Slowly but surely both teams start to come out in ones and twos. One AFC player attempts to finish 2017 on a high, attempting a bottle flip with a large Evian bottle, but can’t pull it off. With the arrival of more and more from each team, Tom notices a definite theme, “very clean” boots, wondering “how many got new ones for Christmas?”
Perhaps it’s his recent large intake of refined sugar, but Tom’s mind seems particularly all over the place, flitting from subject to subject at a record pace. First it’s a slightly barbed and sarcastic comment when I’m handed a team sheet “didn’t have to pay for it” (I did at Bromley), then he goes all ornithological when his attention turns to the wildlife, “lots of birds here”, and then of course the food.
He may have eaten a family’s worth of Celebrations while at his Mums in the past week, but he still has a healthy appetite, “Oh burger and chips” he says lecherously, noticing a few AFC scarf wearing fans tucking in, in the stand.
Perhaps not realising quite how creepy he sounded, I shoot him a glance, keep yourself together I think, “just checking out the goods” he explains.
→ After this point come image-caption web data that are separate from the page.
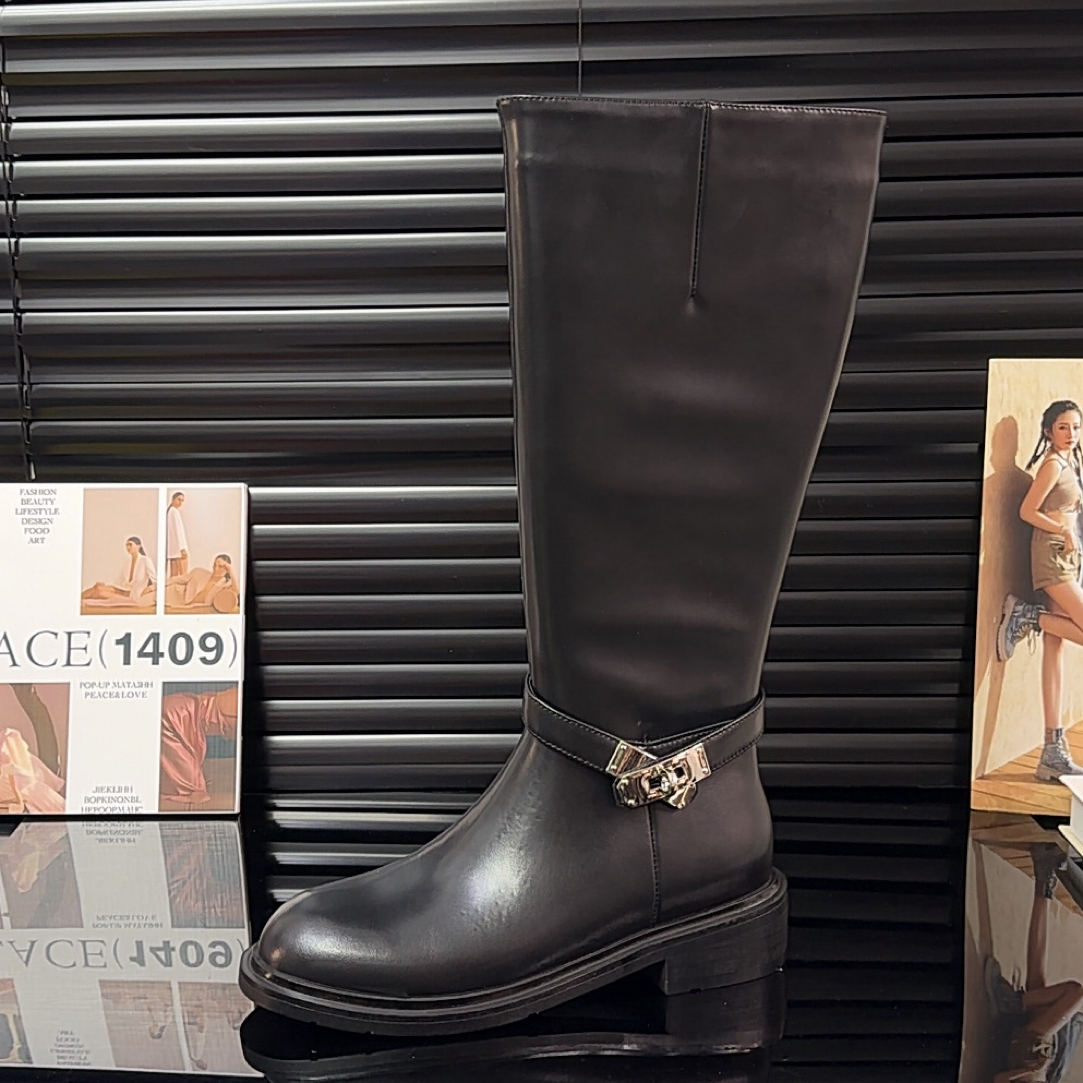 思家时装靴冬季高筒靴骑士女靴百搭平底长靴时尚女鞋膝下靴
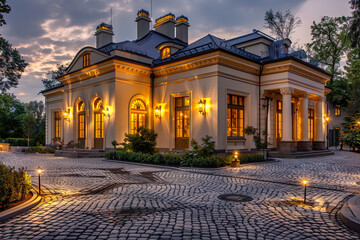 A classic house in soft gold, with a cobblestone driveway and elegant outdoor lighting.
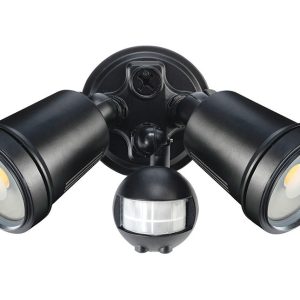 Hunter-III 22W LED Twin Spotlight With Sensor Black / Cool White - 19245/06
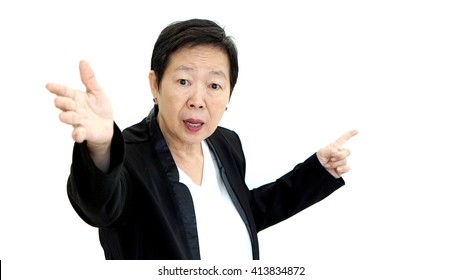 Asian Senior Business Woman Shouting And Angry Abstract Loss In Profit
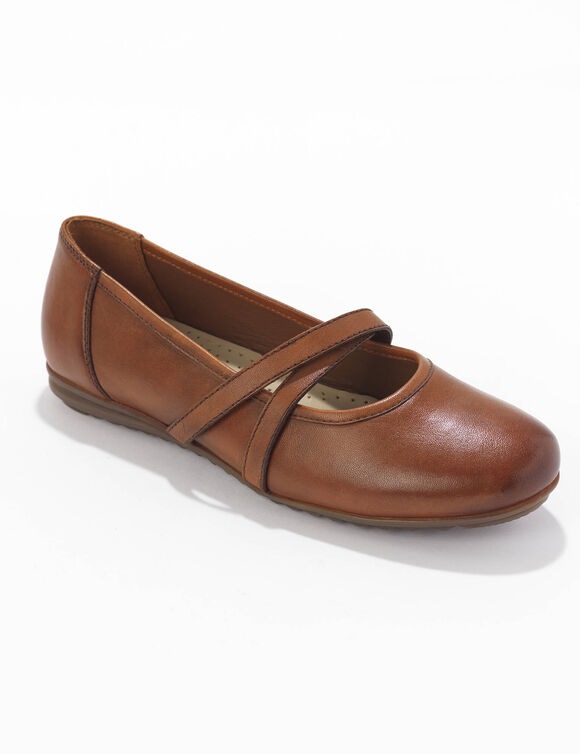 Leren ballerina's in babyschoenstijl (karamel)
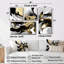 Wild Wave Bliss abstrait or blanc noir V - art mural doré 4 pièces-999776013-999776014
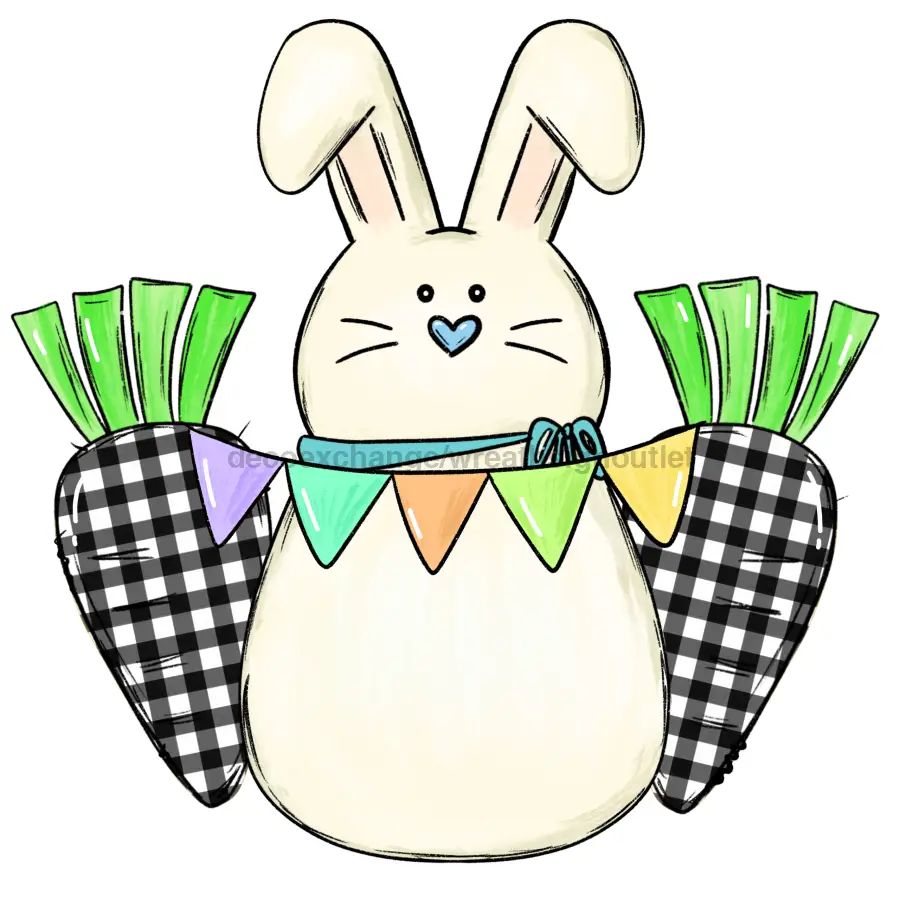 Easter Wood Door Hanger Sign with cream bunny and carrot garland, 22in on Tampa Home & Garden Store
The first time we heard the voice over the PA, he was ever so slightly monotone almost robotic, with no huge amount of emotion in his voice. However it’s all change when the concertina grey tunnel is extended and the players are welcomed onto the pitch.
Just before the players arrived I overheard the final instruction to the gaggle of excited ball boys, lined up, and awaiting their player. “Remember you’re ball boys so no just watching” they’re told, one young man informs another that their role today is a “big responsibility”, looking anxious enough already, I’m not sure he needed the added pressure.
Sadly there is a moments silence for an AFC committee member who recently died, that is impeccably observed. The players stand still on the centre circle either side of the referee and his assistants all with heads bowed. The man in charge takes the pause to discreetly check his pockets to make sure he’s got everything, before blowing his whistle, and inviting the atmosphere back to Parkside.
“Give it up for Aveley FC” says the PA who has done a full 180 and now sounds very chipper. So eager are the ball boys, the already noticeably freezing cold ball boys, I don’t think they quite understood how much standing about they had to do, they are told to take a few steps back from the very edge of the pitch.
“More like Birmingham than Spurs” says Tom when I suggest our game of ‘match the clubs kits with a teams from the football league’ is perfectly poised, AFC in white and blue, Tottenham, SUD all in red Arsenal, but he doesn’t see it like that, eventually we agree on Porto Vs Leyton Orient, somehow the Portuguese super club getting a mention again. Regardless, the SUD keeper is in a delicious pink jersey and is the clear winner of the battle of the kits, beating everyone all by himself.
Early on, about six minutes into the game, and a pattern is quickly established, that continues for the full ninety. Whenever AFC go close, on this occasion its a side footed attempt that goes wide, it is always followed by a gasp from the main stand and then a very mild mannered ripple of applause.
It’s hardly a “lightning start” by either side as Tom puts it, inserts joke about too many chocolate oranges here. if anything its all a bit “sloppy” Tom adds. The home side are probably shading the opening exchanges, again they put a chance wide, “that was a good shot” says one of the shivering ball boys, the crowd following protocol, gasping, then applauding.
“I’m hungry” says Tom, I must admit I am too, my early start means I’m full of coffee and very little else, however Tom is a little stumped, unable to quite see where the people with food are getting it “I don’t know where its coming from” he says scanning every conceivable place.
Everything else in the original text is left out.